何時間も経ったと思ったのに、まだそれだけしか経っていないのか、と思った。
老夫と話して、『優しさの手がかり』を見ていた時間はとても長く思えたのに。
手にしていた『優しさの手がかり』を床に置く。
ぐるぐると渦巻く模様が、ことさら気味悪く見えた。
藤花の母は、病死だった。
藤花は未だに、母の亡くなった原因である病気が何なのかをよく知らない。
亡くなったその時に聞いたような気がするのだが、当時は原因なんてどうでもよかった。
けれど、今更父には聞けない。
父は、不自然なまでに母の死を口にしなかった。
父は、母の死に目に間に合わなかった。
親戚の間では、その事を随分悪しき様に言う人が多かったが、藤花は、それが誰より悲しかったのは父本人に違いないと思っていた。
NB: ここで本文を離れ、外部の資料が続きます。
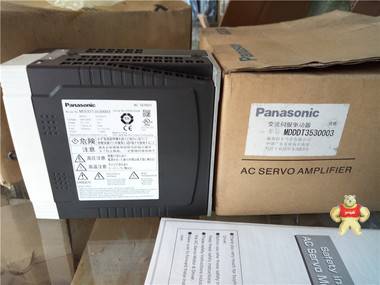 日本松下伺服电机驱动器MDDDT3530003 现货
その証拠のように、父は母の一周忌が終わると同時に、糸が切れたように体調を崩し、入院までしてしまった。
帰ってくれば、母が死んだ事を口に出さなくなった。
それも今から思えば、本当に母が理由だったのか分からない、と皮肉気に藤花は思う。
父が、再婚相手であるあずさと知り合ったのは、入院したその病院だというのだから。
彼女は看護士として、その病院に働いていた。
人の顔色をうかがうように、父が再婚の話を藤花にしたのは二週間前。
藤花の答えは、「否」だった。
――まだ、四年なのに――。
けれど、彼らは藤花にはまだ母親が必要という大義名分を振りかざして、彼女は家にやってきた。
他人の弱みにつけこんで。
卑怯にも。
そんな人を、母だなんて呼べない。
ぎゅっと目をつむって、嫌な気持ちを追い払う。
光を反射して煌めく『優しさの手がかり』を手に、ベッドの上に寝転がった。
留め金のついていたらしい跡があるのに、その時はじめて気付く。
元は綺麗な留め金がついていたのだろう。
金の瀟洒な細工の名残があった。
思いながら蓋を、開ける。
中は、空だった。
ただ、紅天鵞絨が敷詰められている。
「嘘……ネジは?」
どんな曲が入っているのかも聞けないのか、と藤花は嘆息する。
明日、例の骨董品屋に行かなくては。代金とネジと――。
内心で数え上げて、『優しさの手がかり』の蓋を閉めようと、蓋に手をかけた。
その瞬間、『優しさの手がかり』から音楽が零れ落ちる。
箱の表面に施された螺鈿のような煌びやかで繊細な音。
触れれば硝子細工のように脆く崩れ去ると思わせる音であった。
何も触っていないのに、と藤花が思うより早く、さらに驚いた事に音楽に乗せて女性の声が聞こえてくる。
伸びやかで、優しげなメゾ・ソプラノ。
若い女性の声が、物語を歌いあげる。
――ゆったりと、歌いあげた。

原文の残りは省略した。